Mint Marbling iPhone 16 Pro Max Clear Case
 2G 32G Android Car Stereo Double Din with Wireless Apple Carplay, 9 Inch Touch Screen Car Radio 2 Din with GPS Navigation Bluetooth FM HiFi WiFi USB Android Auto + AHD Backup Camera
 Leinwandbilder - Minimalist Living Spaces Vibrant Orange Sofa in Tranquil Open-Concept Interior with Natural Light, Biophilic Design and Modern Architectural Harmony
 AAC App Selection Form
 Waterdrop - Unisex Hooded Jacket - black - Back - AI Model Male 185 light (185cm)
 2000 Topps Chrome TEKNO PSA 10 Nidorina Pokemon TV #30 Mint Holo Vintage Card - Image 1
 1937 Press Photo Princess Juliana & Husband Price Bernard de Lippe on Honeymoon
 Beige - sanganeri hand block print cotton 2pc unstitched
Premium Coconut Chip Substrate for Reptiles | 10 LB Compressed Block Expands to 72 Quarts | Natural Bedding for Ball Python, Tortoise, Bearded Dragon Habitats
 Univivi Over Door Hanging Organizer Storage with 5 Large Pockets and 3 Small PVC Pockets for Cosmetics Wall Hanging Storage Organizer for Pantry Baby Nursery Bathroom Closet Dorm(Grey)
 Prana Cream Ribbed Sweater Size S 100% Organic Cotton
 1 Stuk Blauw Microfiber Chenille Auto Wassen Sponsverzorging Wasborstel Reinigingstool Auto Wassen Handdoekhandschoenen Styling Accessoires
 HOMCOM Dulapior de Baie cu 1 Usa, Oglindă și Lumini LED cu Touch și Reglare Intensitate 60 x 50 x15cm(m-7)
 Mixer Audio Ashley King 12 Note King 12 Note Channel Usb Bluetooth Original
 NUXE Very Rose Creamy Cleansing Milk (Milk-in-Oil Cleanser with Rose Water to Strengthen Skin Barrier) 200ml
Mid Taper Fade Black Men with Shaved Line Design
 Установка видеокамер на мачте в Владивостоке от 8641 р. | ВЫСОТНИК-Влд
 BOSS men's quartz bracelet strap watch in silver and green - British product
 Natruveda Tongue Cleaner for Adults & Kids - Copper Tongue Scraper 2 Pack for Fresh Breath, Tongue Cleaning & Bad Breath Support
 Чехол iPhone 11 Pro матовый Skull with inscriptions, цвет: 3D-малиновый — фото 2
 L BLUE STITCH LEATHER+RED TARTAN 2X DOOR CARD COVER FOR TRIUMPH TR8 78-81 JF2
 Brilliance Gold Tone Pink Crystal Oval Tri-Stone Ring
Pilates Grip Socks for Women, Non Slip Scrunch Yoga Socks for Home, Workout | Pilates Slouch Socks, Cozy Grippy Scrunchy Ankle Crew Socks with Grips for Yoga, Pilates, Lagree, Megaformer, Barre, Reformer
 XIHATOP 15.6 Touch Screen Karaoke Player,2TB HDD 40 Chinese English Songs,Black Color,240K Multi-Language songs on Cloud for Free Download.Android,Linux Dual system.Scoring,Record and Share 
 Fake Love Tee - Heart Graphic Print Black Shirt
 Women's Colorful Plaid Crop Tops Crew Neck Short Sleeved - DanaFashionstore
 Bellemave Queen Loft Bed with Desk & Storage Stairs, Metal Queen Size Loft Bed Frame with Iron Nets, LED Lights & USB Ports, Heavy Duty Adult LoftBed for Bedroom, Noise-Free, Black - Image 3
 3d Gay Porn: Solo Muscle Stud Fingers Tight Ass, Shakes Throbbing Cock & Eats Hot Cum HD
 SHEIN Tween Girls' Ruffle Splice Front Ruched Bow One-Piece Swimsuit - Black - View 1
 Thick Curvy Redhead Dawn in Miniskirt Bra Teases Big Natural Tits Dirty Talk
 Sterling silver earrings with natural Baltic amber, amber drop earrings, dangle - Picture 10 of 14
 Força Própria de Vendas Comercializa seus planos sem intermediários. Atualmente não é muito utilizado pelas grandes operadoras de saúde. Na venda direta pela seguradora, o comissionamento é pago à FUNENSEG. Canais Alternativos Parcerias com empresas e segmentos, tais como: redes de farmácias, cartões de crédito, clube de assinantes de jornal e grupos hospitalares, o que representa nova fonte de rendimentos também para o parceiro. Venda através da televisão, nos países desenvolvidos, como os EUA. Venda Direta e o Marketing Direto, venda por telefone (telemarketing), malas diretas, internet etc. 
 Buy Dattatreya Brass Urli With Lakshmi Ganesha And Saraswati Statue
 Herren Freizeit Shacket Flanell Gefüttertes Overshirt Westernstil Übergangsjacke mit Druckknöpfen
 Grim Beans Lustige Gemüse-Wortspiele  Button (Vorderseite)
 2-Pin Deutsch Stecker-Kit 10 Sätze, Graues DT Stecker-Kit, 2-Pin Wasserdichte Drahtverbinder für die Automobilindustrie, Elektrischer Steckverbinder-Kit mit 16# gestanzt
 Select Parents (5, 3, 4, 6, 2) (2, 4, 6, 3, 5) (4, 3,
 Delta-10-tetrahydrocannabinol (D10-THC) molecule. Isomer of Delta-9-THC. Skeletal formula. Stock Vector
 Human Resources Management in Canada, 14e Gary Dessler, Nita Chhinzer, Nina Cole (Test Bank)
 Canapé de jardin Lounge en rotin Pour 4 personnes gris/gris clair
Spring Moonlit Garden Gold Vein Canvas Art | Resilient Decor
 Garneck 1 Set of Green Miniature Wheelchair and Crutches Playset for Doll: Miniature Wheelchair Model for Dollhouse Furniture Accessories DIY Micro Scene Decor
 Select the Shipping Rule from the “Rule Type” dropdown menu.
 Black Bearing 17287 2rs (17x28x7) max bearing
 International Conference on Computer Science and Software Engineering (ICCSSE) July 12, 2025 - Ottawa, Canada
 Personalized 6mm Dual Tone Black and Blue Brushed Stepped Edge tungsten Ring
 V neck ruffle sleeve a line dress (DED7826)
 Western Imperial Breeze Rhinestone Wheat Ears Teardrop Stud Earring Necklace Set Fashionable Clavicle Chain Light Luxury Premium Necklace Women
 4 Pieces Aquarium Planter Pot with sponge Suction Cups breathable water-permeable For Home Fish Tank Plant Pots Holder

- ASSIGNED TASK
Take the lines from the start of the records through the line holding "Beige - sanganeri", both included, and please print them exactly, with nothing else.

- EXERCISE OUTPUT
Mint Marbling iPhone 16 Pro Max Clear Case
 2G 32G Android Car Stereo Double Din with Wireless Apple Carplay, 9 Inch Touch Screen Car Radio 2 Din with GPS Navigation Bluetooth FM HiFi WiFi USB Android Auto + AHD Backup Camera
 Leinwandbilder - Minimalist Living Spaces Vibrant Orange Sofa in Tranquil Open-Concept Interior with Natural Light, Biophilic Design and Modern Architectural Harmony
 AAC App Selection Form
 Waterdrop - Unisex Hooded Jacket - black - Back - AI Model Male 185 light (185cm)
 2000 Topps Chrome TEKNO PSA 10 Nidorina Pokemon TV #30 Mint Holo Vintage Card - Image 1
 1937 Press Photo Princess Juliana & Husband Price Bernard de Lippe on Honeymoon
 Beige - sanganeri hand block print cotton 2pc unstitched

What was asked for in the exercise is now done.